> [Task statement]
Give back the whole listing exactly as it is written.

--- --- ---

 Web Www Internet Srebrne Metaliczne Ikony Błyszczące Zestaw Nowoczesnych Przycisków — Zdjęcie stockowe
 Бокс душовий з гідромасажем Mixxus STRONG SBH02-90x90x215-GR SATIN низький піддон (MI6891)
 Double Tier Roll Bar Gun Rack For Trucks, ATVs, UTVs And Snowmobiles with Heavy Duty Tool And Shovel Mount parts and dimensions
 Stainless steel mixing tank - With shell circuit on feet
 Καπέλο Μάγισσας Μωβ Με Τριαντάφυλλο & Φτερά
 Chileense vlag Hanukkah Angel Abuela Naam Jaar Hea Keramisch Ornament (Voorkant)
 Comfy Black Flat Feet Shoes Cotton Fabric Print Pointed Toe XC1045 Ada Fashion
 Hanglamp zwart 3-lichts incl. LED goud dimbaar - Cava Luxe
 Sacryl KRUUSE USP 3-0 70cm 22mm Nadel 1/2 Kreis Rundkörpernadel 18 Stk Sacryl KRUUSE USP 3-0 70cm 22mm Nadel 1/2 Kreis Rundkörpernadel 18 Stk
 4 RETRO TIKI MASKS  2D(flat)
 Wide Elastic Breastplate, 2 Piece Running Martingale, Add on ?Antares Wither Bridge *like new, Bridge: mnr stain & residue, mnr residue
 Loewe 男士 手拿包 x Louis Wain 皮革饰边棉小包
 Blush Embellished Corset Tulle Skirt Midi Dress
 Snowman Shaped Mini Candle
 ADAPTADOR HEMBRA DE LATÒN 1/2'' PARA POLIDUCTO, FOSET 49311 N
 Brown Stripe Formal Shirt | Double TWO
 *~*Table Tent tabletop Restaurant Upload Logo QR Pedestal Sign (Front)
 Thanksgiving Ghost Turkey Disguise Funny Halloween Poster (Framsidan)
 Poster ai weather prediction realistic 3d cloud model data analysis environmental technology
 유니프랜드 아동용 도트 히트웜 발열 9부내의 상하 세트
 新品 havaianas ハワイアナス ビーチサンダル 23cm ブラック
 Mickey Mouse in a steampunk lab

--- --- ---

> [Task result]
 Web Www Internet Srebrne Metaliczne Ikony Błyszczące Zestaw Nowoczesnych Przycisków — Zdjęcie stockowe
 Бокс душовий з гідромасажем Mixxus STRONG SBH02-90x90x215-GR SATIN низький піддон (MI6891)
 Double Tier Roll Bar Gun Rack For Trucks, ATVs, UTVs And Snowmobiles with Heavy Duty Tool And Shovel Mount parts and dimensions
 Stainless steel mixing tank - With shell circuit on feet
 Καπέλο Μάγισσας Μωβ Με Τριαντάφυλλο & Φτερά
 Chileense vlag Hanukkah Angel Abuela Naam Jaar Hea Keramisch Ornament (Voorkant)
 Comfy Black Flat Feet Shoes Cotton Fabric Print Pointed Toe XC1045 Ada Fashion
 Hanglamp zwart 3-lichts incl. LED goud dimbaar - Cava Luxe
 Sacryl KRUUSE USP 3-0 70cm 22mm Nadel 1/2 Kreis Rundkörpernadel 18 Stk Sacryl KRUUSE USP 3-0 70cm 22mm Nadel 1/2 Kreis Rundkörpernadel 18 Stk
 4 RETRO TIKI MASKS  2D(flat)
 Wide Elastic Breastplate, 2 Piece Running Martingale, Add on ?Antares Wither Bridge *like new, Bridge: mnr stain & residue, mnr residue
 Loewe 男士 手拿包 x Louis Wain 皮革饰边棉小包
 Blush Embellished Corset Tulle Skirt Midi Dress
 Snowman Shaped Mini Candle
 ADAPTADOR HEMBRA DE LATÒN 1/2'' PARA POLIDUCTO, FOSET 49311 N
 Brown Stripe Formal Shirt | Double TWO
 *~*Table Tent tabletop Restaurant Upload Logo QR Pedestal Sign (Front)
 Thanksgiving Ghost Turkey Disguise Funny Halloween Poster (Framsidan)
 Poster ai weather prediction realistic 3d cloud model data analysis environmental technology
 유니프랜드 아동용 도트 히트웜 발열 9부내의 상하 세트
 新品 havaianas ハワイアナス ビーチサンダル 23cm ブラック
 Mickey Mouse in a steampunk lab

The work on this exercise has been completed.